Once Mister Chester blurs into the landscape’s sepia-colored edge, she twirls and empties the rest of the bullets into the barn before throwing the gun into the dirt.
“What’s Mum shooting now?” Louisa asks, without too much concern: Louisa’s memory is like a wake that closes up behind her as soon as she moves on.
“Just the barn,” I say to my sister, who doesn’t look up because she’s mesmerized and letting her body sway. She’s watching MTV again, standing so close the jump cuts splash their colors into the white screen of her face.
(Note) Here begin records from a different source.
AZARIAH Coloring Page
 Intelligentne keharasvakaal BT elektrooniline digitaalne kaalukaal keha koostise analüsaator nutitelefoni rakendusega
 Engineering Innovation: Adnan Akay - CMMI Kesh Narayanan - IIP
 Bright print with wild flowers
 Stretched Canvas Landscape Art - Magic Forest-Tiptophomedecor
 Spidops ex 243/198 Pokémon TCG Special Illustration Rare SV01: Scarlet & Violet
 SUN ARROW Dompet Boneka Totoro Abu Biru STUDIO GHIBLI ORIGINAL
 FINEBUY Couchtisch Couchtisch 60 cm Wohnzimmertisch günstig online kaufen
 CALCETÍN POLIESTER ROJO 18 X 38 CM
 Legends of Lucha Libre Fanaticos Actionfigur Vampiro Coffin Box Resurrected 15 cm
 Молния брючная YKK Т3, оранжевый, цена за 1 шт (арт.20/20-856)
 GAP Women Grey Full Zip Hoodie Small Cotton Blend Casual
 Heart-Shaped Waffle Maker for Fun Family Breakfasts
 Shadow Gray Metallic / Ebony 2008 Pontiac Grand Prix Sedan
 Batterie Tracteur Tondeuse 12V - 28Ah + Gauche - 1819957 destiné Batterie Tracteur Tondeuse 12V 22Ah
“Why’s Mummy want to kill the barn?”
The amazing thing is what happens next, when my mother stomps from the barn to the backhoe sitting some thirty yards off, parked among the burn barrels like the skeleton of something that had just been exhumed from the dirt, its yellow spots reduced to freckles, its tires caked with last year’s mud. What’s amazing is the magic she works to get the ignition to turn over, and the way that, after much fiddling with the shift, she somehow manages to bring the machine to life. Suddenly she’s in gear, moving
chink chink chink
toward the barn from the far side of the pasture, her raincoat flaring from the ancient driver’s seat while the bucket scrapes along the ground. It looks as if she’s trying to build enough speed so that when she plows into the barn the whole thing will go down; she’s angling toward one corner where the footings are especially cracked.
By now it’s dusk, and dribbling out of the backhoe’s seat are particles of foam rubber that look like snow as they’re seized and carried by the wind, over and through the crowns of the naked alders. An A-1 sunset has just started to creep from cloud to cloud, and I have to yell above the music for my sister to come get a load of this, as our mother, furious and wild-haired and small, steadies herself behind the wheel.
ANYONE ELSE BUT ME
“Don’t try to make anything burn” is Marco the instructor’s first piece of advice to the class, which the YMCA catalogue had listed as “Skipping Through Life”: somebody’s idea of an upbeat name for the senior citizens’ women’s exercise group. Ruth’s enrollment fee had been a gift from her daughter, who said, “Ma, you’re turning into a lump.” And indeed, Ruth is hard in the running for fattest person in the class, though, her daughter’s opinions aside, she is not all that fat. It’s just that the other women are surprisingly firm for a bunch of. . well, old ladies.
Ruth also guesses that she’s the youngest old lady here, fifty-six, barely squeaking over the wire that was the minimum age for the class. Marco himself looks some years younger, husky but toned, a city bus driver who leads the class during his lunch hour, he explains—“to keep the pizza out of my mouth.” Soon Ruth realizes that these introductory comments are meant for her, the rest of the group having been through this routine on countless noons. Her outsider status is also made clear by her sweatpants, which no one else but Marco is wearing. The rest of the women are dressed in coordinated leotards.